PSI Bela Jokowi, Ungkit JK Kalah Saat Calonkan Anies dan Nyapres di 2009

21 hours ago 2
Jakarta -

Ketua DPP Partai Solidaritas Indonesia (PSI) Bestari Barus membela Joko Widodo (Jokowi) yang disebut bisa jadi Presiden karena peran Wakil Presiden ke-10 dan ke-12 Jusuf Kalla (JK). Bestari Barus justru mengungkit rekam jejak JK.

Bestari Barus awalnya mengaku terkejut atas pernyataan JK. Ia mengatakan JK tidak pernah se-emosional ini.

"Ya, saya juga baru tahu. Ya gimana ya, saya kaget aja gitu kan. Pak JK itu kan seorang negarawan yang saya tidak pernah apa ya, melihat beliau se-emosional begitu menyikapi persoalan-persoalan. Biasanya itu Pak JK itu orangnya lemah lembut, nggak tahu sekali ini kenapa gitu ya," kata Bestari Barus saat dihubungi, Senin (20/4/2026).

SCROLL TO CONTINUE WITH CONTENT

Bestari lalu menyampaikan bahwa pencalonan bukan persoalan perorangan.
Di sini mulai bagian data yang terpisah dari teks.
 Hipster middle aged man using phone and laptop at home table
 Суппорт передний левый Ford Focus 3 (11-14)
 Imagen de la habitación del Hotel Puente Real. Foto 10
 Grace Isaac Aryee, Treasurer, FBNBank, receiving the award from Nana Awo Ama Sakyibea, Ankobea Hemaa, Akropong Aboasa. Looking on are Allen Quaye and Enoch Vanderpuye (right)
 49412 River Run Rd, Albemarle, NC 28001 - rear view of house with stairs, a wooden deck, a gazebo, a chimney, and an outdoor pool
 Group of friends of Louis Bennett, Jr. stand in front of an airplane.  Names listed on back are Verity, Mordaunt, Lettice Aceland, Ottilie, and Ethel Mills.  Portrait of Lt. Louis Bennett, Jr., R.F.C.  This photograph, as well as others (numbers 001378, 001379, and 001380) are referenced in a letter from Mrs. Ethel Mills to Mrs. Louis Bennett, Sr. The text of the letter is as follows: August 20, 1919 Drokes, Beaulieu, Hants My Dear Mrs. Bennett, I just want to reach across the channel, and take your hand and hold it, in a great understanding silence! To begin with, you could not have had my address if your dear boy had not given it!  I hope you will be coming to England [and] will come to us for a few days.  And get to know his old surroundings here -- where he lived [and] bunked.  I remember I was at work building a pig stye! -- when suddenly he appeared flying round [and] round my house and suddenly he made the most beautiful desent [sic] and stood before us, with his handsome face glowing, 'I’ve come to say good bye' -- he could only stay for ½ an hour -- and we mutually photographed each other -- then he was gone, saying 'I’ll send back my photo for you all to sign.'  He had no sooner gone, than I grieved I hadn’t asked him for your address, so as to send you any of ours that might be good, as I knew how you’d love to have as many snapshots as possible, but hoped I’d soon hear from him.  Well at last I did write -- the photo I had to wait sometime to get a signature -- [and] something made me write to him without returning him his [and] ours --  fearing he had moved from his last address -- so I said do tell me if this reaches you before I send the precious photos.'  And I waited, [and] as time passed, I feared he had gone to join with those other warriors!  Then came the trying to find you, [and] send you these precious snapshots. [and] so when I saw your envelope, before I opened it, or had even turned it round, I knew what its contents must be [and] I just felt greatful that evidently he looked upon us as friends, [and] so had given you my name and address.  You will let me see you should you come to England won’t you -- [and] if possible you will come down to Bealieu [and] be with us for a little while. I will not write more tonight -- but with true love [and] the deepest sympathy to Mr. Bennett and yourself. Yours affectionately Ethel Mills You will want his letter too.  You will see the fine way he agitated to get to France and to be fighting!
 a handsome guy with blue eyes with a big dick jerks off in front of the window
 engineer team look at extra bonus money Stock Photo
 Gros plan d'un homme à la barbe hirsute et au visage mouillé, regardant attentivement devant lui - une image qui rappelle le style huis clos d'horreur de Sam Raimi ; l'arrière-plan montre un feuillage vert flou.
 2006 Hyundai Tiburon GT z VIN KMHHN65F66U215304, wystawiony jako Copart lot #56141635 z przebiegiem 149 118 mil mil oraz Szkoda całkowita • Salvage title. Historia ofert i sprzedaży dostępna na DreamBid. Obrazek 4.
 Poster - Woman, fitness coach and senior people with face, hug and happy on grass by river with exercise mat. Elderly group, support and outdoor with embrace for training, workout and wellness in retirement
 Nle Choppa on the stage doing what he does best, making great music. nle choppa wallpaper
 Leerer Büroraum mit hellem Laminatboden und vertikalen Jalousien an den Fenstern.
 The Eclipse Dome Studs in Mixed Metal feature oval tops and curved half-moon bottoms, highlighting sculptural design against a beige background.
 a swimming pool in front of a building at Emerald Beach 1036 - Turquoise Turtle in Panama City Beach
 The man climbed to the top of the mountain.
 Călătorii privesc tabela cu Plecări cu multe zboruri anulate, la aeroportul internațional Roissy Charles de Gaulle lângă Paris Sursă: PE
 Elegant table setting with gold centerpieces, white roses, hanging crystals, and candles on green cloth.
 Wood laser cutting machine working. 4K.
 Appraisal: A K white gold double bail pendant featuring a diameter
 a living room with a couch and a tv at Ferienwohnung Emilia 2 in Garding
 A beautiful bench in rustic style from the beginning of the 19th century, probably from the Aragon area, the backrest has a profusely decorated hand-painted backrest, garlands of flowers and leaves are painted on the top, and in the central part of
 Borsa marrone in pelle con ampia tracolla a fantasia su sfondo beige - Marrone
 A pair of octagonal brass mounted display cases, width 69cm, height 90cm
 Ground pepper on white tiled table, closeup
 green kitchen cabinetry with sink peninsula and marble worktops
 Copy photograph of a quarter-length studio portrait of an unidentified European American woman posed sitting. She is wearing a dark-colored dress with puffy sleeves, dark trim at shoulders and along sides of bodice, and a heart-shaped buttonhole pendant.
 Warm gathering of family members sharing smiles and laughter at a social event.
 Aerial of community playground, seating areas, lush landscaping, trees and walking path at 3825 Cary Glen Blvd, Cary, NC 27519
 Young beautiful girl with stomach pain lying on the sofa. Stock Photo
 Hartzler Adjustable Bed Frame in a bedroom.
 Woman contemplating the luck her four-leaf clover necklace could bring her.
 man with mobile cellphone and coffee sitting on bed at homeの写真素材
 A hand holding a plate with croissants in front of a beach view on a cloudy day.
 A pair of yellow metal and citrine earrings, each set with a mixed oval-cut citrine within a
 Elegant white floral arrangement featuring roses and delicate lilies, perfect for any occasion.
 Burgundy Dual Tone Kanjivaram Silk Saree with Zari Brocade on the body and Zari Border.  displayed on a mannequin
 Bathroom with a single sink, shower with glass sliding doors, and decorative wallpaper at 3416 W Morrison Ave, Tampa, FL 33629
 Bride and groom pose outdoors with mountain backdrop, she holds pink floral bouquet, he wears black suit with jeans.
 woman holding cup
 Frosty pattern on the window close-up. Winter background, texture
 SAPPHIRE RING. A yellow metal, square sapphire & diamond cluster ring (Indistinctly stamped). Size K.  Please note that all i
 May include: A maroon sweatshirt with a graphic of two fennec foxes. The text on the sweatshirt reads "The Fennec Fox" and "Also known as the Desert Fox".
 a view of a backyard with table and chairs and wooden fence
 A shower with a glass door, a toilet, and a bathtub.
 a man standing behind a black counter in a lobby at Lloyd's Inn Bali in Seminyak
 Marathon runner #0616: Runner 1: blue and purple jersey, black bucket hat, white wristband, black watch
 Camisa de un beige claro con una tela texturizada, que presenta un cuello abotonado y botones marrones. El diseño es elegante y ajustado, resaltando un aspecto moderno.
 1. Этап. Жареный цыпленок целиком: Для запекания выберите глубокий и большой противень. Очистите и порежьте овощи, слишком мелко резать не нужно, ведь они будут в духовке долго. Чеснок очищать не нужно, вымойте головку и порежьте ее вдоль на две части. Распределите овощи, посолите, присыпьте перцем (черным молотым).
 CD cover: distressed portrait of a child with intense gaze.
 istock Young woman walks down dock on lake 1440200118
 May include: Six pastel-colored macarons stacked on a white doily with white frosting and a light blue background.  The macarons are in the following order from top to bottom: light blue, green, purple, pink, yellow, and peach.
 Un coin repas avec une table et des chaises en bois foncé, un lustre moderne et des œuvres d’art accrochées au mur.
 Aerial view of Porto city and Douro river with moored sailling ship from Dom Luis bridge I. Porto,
Menurutnya, ada peran berbagai pihak, termasuk partai politik.

"Ya saya kira ini ya, itu sebagaimana siapa yang dicalonkan itu kan bukan perorangan ya, tapi lebih kepada peserta pemilunya kan partai politik pengusung secara bersama-sama," ucap dia.

"Nggak satu-dua orang. Satu-dua orang itu mungkin ada yang kemudian mempromosikan, ada kemudian membentuk tim-tim pemenangan dan seterusnya. Ya saya kira banyak orang yang berperan ketika itu ya partai-partai pengusung gitu ya," lanjutnya.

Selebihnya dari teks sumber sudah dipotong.